• PROBLEM DETAILS:
Exact reproductions of all the entries, please, and no pictures.

.....

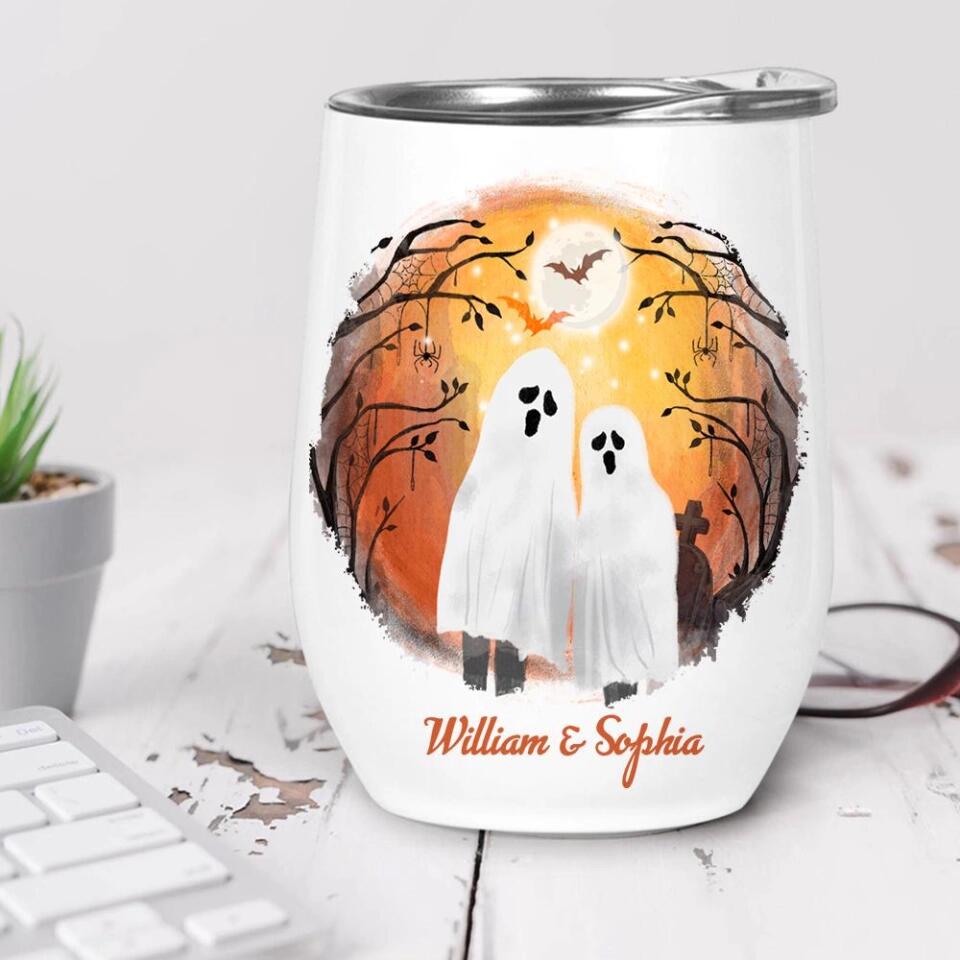 Every Love Story Is Bootiful But Ours Is My Favorite - Personalized Wine Tumbler - Halloween Gift For Couples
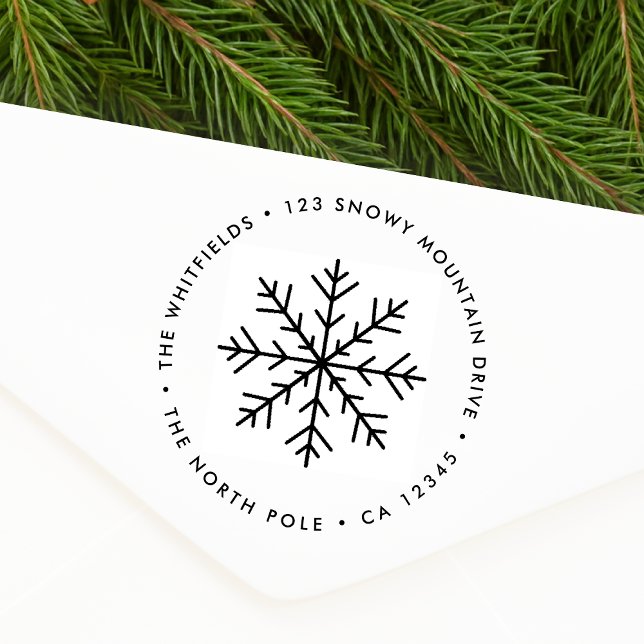 Return Address Rubber Stamp | Christmas Snowflake (Simple Christmas snowflake round return address stamp for holiday cards & seasonal parcel mailing)
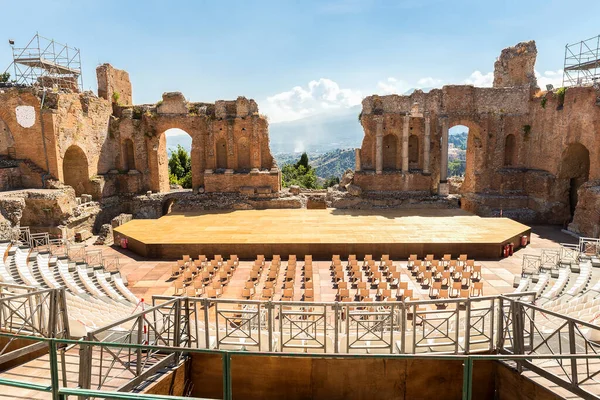 Vista Panorâmica Belo Teatro Grego Taormina Província Messina Sicília Itália — Fotografia de Stock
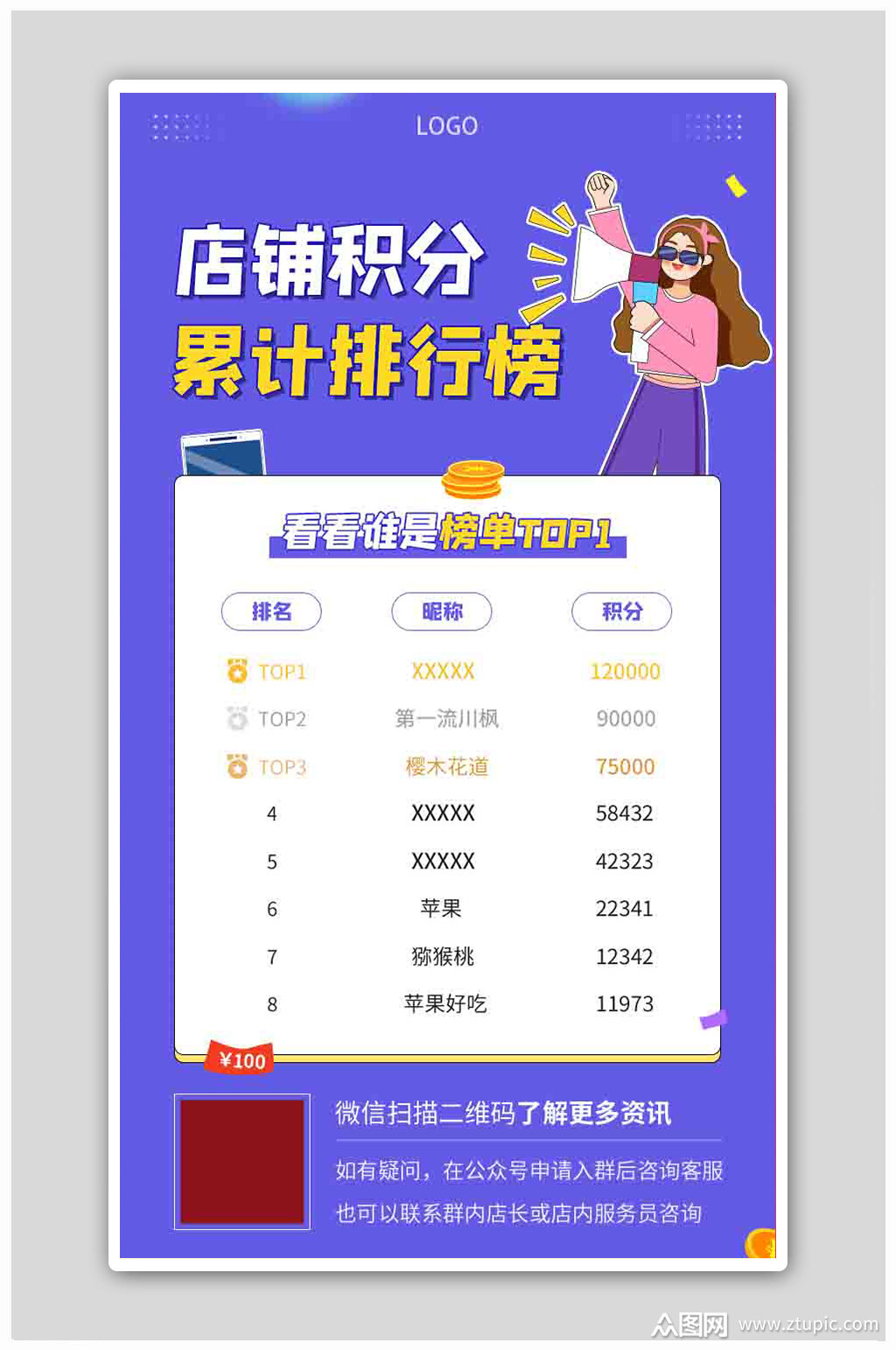 店铺积分累计排行榜运营活动海报素材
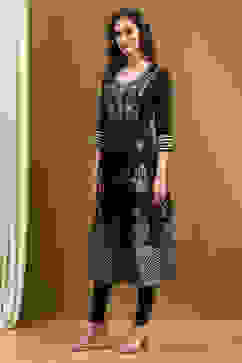 Black Floral Printed Festive Anarkali Suit Set image number 3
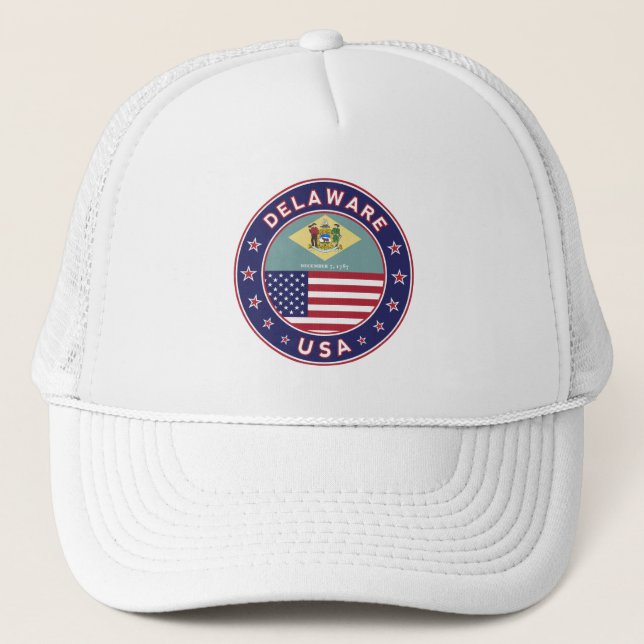 Delaware, Delaware t-shirt, Delaware sticker Trucker Hat (Front)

.....

• FINISHED TASK:
 Every Love Story Is Bootiful But Ours Is My Favorite - Personalized Wine Tumbler - Halloween Gift For Couples
 Return Address Rubber Stamp | Christmas Snowflake (Simple Christmas snowflake round return address stamp for holiday cards & seasonal parcel mailing)
 Vista Panorâmica Belo Teatro Grego Taormina Província Messina Sicília Itália — Fotografia de Stock
 店铺积分累计排行榜运营活动海报素材
 Black Floral Printed Festive Anarkali Suit Set image number 3
 Delaware, Delaware t-shirt, Delaware sticker Trucker Hat (Front)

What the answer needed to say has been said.